On August 15, 1945, the Empire of Japan surrendered unconditionally to the Allies, World War Two came to an end, and all of the Japanese forces laid down their weapons. Well . . . almost all of them . . .

Lt Hiroo Onada in 1944
At the time of the surrender in 1945, there were still some three million Japanese soldiers stationed overseas, most of them in China, but other units were scattered over a large number of islands in the Pacific. Nearly all of them surrendered as ordered (or committed suicide to avoid the dishonor of surrender). But a few did not--either because they refused to believe that Japan had actually surrendered, or because they had become isolated and cut off from communications and never heard of the surrender order. On islands that had been invaded and occupied by US troops, including the Philippines, Peleliu, Iwo Jima, Guam, and Saipan, at least a dozen isolated Japanese soldiers were still being found hiding out in the mountains until 1949, never having heard that the war was over. Two more Japanese troops surrendered on Guam in 1960.
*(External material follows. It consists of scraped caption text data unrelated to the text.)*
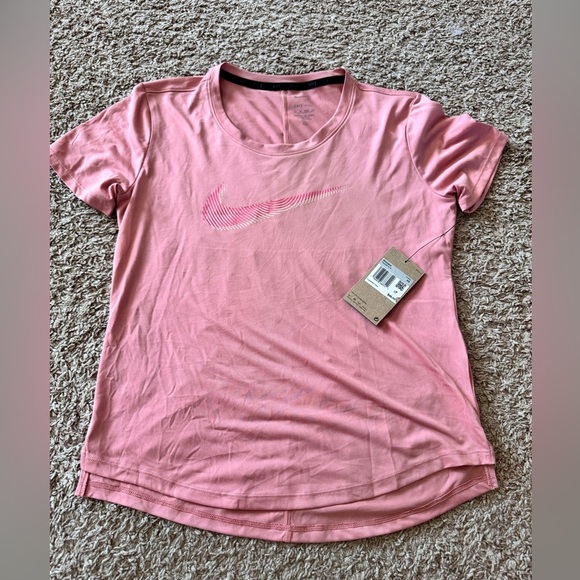 Women’s Nike Dri fit Nike Running T Shirt Size XS NWT $48 Retail - Picture 1 of 5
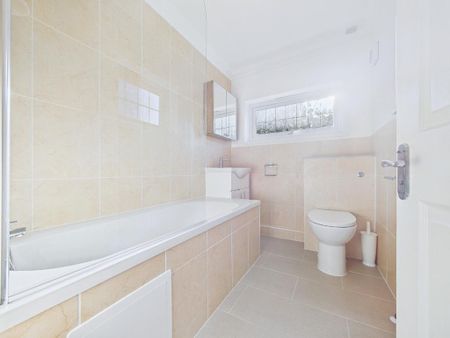 2 bedroom terraced house to rent - Photo 2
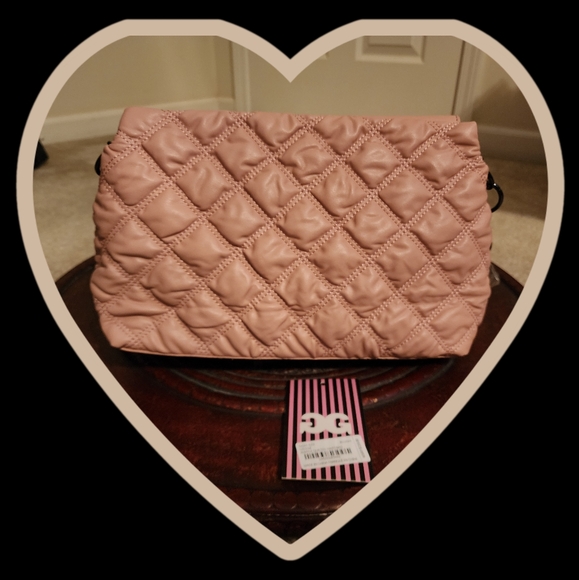 Gilda Paris Quilted Bag with Gunmetal Accents - Picture 2 of 8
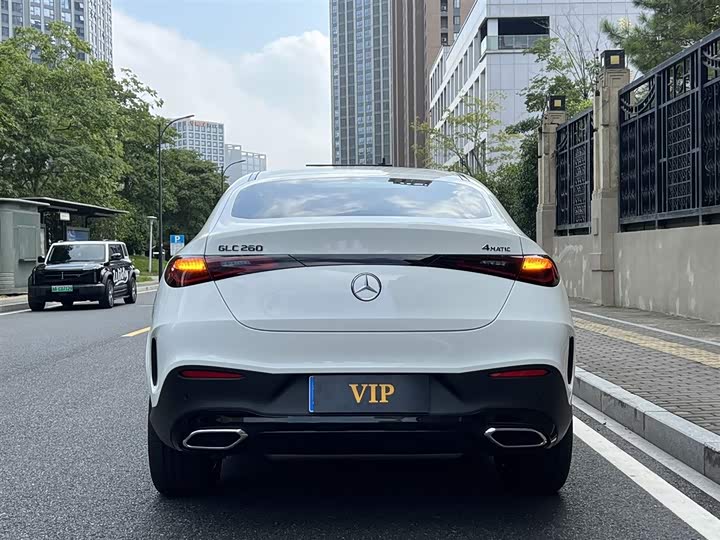 Фото 4 - Mercedes-Benz GLC-Class Coupe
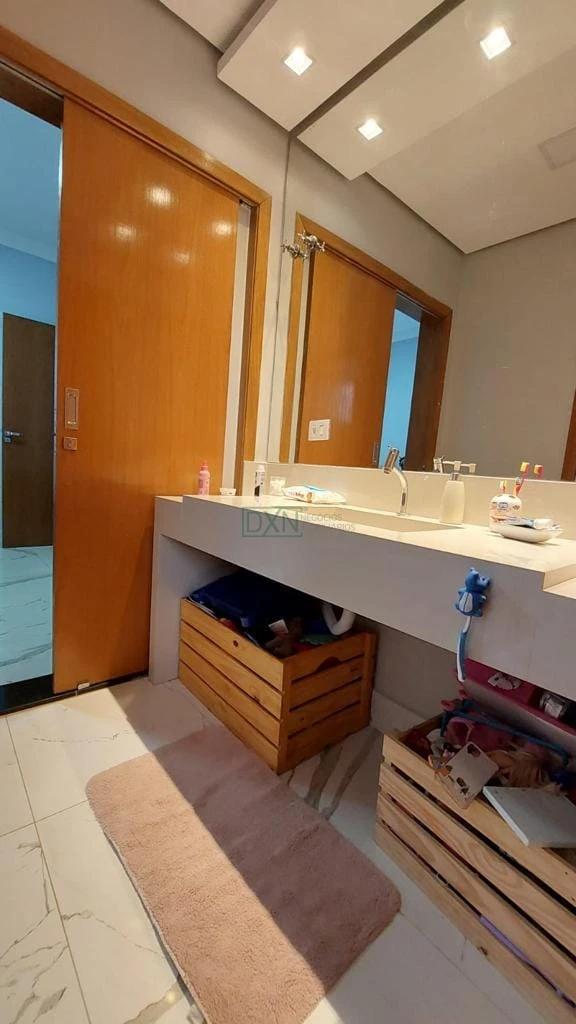 CASA A VENDA COM 3 QUARTOS E 1 SUITE NO JD. OCTÁVIO CESÁRIO CAMBÉ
In three especially well-known cases, however, Japanese soldiers were still fighting the war over a quarter-century after it had ended.
Sergeant Shoichi Yokoi
In 1941, Shoichi Yokoi, a tailor's apprentice in the town of Saori, near Nagoya, was conscripted into the Japanese Imperial Army and posted to Japanese-occupied Manchukuo. In February 1943, he was sent to the 38th Infantry Regiment on Guam.
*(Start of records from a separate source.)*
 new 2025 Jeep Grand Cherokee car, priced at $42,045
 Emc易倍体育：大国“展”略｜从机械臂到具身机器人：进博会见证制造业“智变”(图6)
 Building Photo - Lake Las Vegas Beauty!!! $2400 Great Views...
In July 1944, American forces invaded Guam. Yokoi's unit attacked the Americans in a night raid, but were crushed. Some members of the unit managed to get to the west shore of Showa Bay and rejoin the main Japanese force, but Yokoi and ten others slipped into the Fena Mountain area and hid out. By the end of August the Americans declared the island secured, and five airfields were constructed to launch B-29 firebombing raids against Japan. But during that time, some 7,000 Japanese troops were unaccounted for--they had taken to the hills in small groups.
Most of these were systematically hunted down and either captured, killed, or surrendered--but some were not. One of these was Sgt. Yokoi, who was hiding out with a group of ten other soldiers. At first, the little group survived by raiding local fields at night and killing cattle, but after a time, fearing they would be found by American patrols, they moved deeper into the jungle, on the upper reaches of the Talofofo River, where they separated, leaving Yokoi with just two others. Around 1952, they heard that the war was over, but were unwilling to risk the shame of surrender. Sometime around 1964, the two other soldiers moved to a nearby area that had more food, and when they were killed in a river flood, Yokoi was left alone. He lived by himself for the next eight years in a dugout shelter covered with bamboo, and survived by picking wild plants and trapping eels at night in a local stream.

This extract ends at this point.